Pour pouvoir atténuer les effets de la crise, la plupart des pays africains ont entrepris des réformes structurelles et économiques.

Mais de l’avis de cette économiste, “ces réactions étaient en général tardives et incomplètes. Et donc de ce fait ce à quoi on assiste actuellement, c’est du fait de ce retard de réactions un entérinement du ralentissement de la croissance qui s’étale et maintenant qui affecte toutes les sources de demande des pays, l’intégralité de l’économie”.

Par exemple, “on le voit au Nigeria où c’est non seulement les secteurs qui sont reliés au pétrole, mais aussi le secteur manufacturier, la construction, les services qui commencent à être affectés, avec le ralentissement que l’on sait.

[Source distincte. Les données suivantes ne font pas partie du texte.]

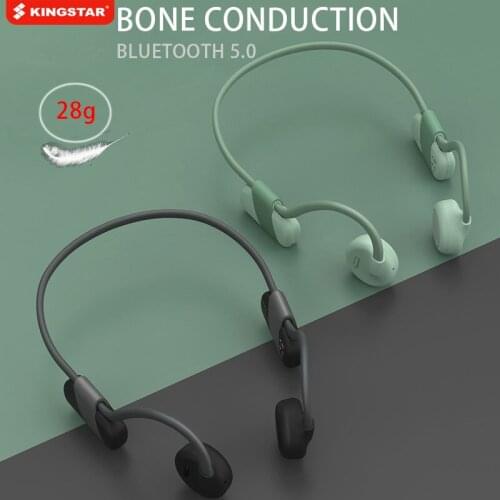 KINGSTAR Bone Conduction Headphones Bluetooth Wireless Sports Earphones IPX6 Headset Stereo Hands-Free with Mic For Running
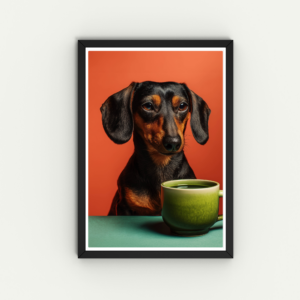 funny dachshund wall art matcha theme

Donc, ces politiques sont efficaces. Encore faut-il qu’elles soient mises en place de manière urgente”.

Pour le chef de la division des études du département Afrique du FMI, “c’est pour cela que nous appelons à une réaction urgente de la mise en place de mesures qui se renforcent les unes les autres. Dans un premier lieu, laisser les taux de change absorber complètement les pressions extérieures dans les pays qui ne sont pas en union monétaire”.

Une autre recommandation préconise de “resserrer la politique monétaire là où l’inflation ne puisse augmenter et en dernier lieu rétablir les équilibres budgétaires qui ont été beaucoup mis à mal par la baisse des prix des matières premières, tout en mobilisant mieux les recettes non pétrolières et non reliées aux matières premières et en préservant bien sûr les dépenses qui sont ciblées pour les fragments de la population les plus vulnérables”.

Du Sahel à la zone du lac Tchad jusqu’à la Corne de l’Afrique, le terrorisme pose un défi majeur à relever par les pays du continent.

Concernant le soutien attendu de la communauté internationale pour lutter contre ce phénomène, l’économiste française déclare qu’au FMI “nous sommes tout à fait conscients que le terrorisme représente pour les pays qui sont touchés un défi très important, en termes de pertes humaines bien sûr, mais aussi en termes de leur impact économique, de l’incertitude que cela crée en termes de production agricole ou d’investissements”.

Avec les pays touchés, “nous discutons toujours, précise-t-elle, de la possibilité de dégager des marges de manœuvre potentielles pour faire face au niveau budgétaire aux dépenses supplémentaires que ce défi implique et voire augmenter notre apport financier quand cela est nécessaire”.

“Par exemple dans des pays où nous avons un soutien financier comme le Mali, le Niger ou le Tchad, ce sont des discussions que nous avons de manière très forte avec les autorités”, indique-t-elle.